I’m not sure I’m ready to dispense laser-like, cut-to-the-chase assessments of yesterday’s trio as we speak, but I can tell you this: Steve Jobs was the bravest, boldest and pushiest of the three — a three-act “talk opera” (Sasha Stone‘s term) or “verbal action film” (a guy at Universal suggested that one) or aggressive cine-theatre (my own) but a film that felt more impressively conceived and poundingly ambitious than affecting or, truth be told, likable.

There’s really only one emotional-contact moment, an impulsive hug thing between Michael Fassbender‘s Jobs and his daughter Lisa, played as a nine year-old by Ripley Sobo. Okay, there are two but the second one (i.e., the last ten minutes between Jobs and his now 19 year-old daughter) doesn’t work as well. But that’s not the intent, of course. Am I a hotshot columnist from West Hollywood or a Riverside County housewife who goes to movies for emotional soothings? I’m better than that and so is the exceptional, high-throttle Steve Jobs.

You have to take each film by its own scheme and determinations, and with a film as aggressively verbal and drill-bitty as Steve Jobs terms like “affecting” and “likable” are almost certainly beside the point. With a film like this you either you jump on the luge and submit to the speed and the brain-cell exhilaration…or you don’t. And what would be the damn point of not submitting to it?

I jumped on, all right, and by the end of the two-hour Steve Jobs ride I felt tingly and throbbing and, yes, a bit drained and also a teeny bit sorry that I wasn’t as delighted as I’d expected to be. Which I fully concede is at least partly my fault as I’d fallen head-over-heels in love with Sorkin’s script two or three months ago.  Dazzled by it, glad-to-be-alive contact highs, “this is what brilliance feels like,” etc. You see a certain movie in your head when you’re reading a highly charged, original-attitude script, and then you see the film’s version and it’s like, “Oh…well, okay, this is how they saw it.” It never bored me, it kept me on my toes, it delivers a kind of hammerhead contact high…but I wasn’t feeling that levitational thing.
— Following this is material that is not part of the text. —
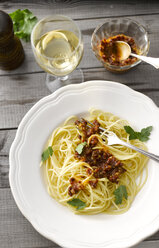 Spaghetti mit Tomatenpesto und einem Glas Weißwein - KSWF001485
But I was impressed big-time and I’ll never argue with anyone who might come along and say “you need to see it again.”

You know what would be interesting some day? To see Steve Jobs, which is basically a three-act hit piece focusing on three Jobs-orchestrated product demonstrations in ’84 (Macintosh), ’88 (NeXT cube) and ’98 (iMac), performed on stage. But I’m ready right now to take the movie-ride again because sometimes a film is so compacted and heavily charged that you need a second viewing to really get the all of it. Tony Gilroy‘s brilliant, intensely talky Michael Clayton was like that for me — I felt a bit distanced at first, but ten or twelve viewings later I’m now convinced it’s one of the great 21st Century dramas.
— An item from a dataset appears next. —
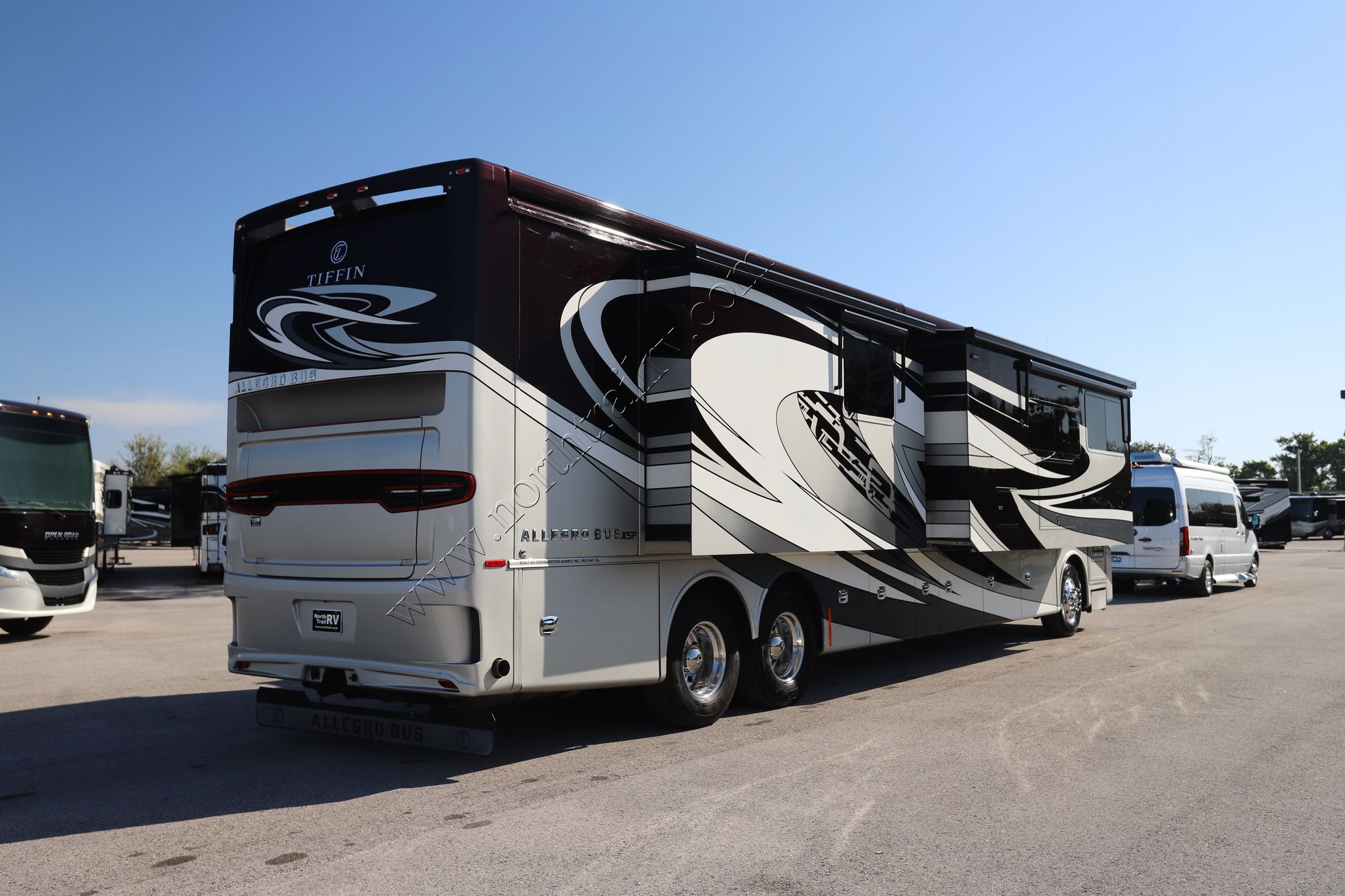 Used 2020 Tiffin Motor Homes Allegro Bus 45OPP Class A  For Sale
I could go on and on but I’m determined to make the most of my final full day at Telluride, and that means catching Scott Cooper and Johnny Depp‘s Black Mass at the Galaxy (which is only two or three blocks away) at 9 am, or an hour from now. I haven’t gotten into Anomalisa yet, and it’s not thorough or considerate to just paste three or four tweets that I tapped out yesterday, but that’s all I have time for. I’ll force myself back into the Anomalisa soup sometime between thsi afternoon and Tuesday. It’s very distressing to bolt before something’s finished but I don’t know what else to do. I’ll try to make up for it later.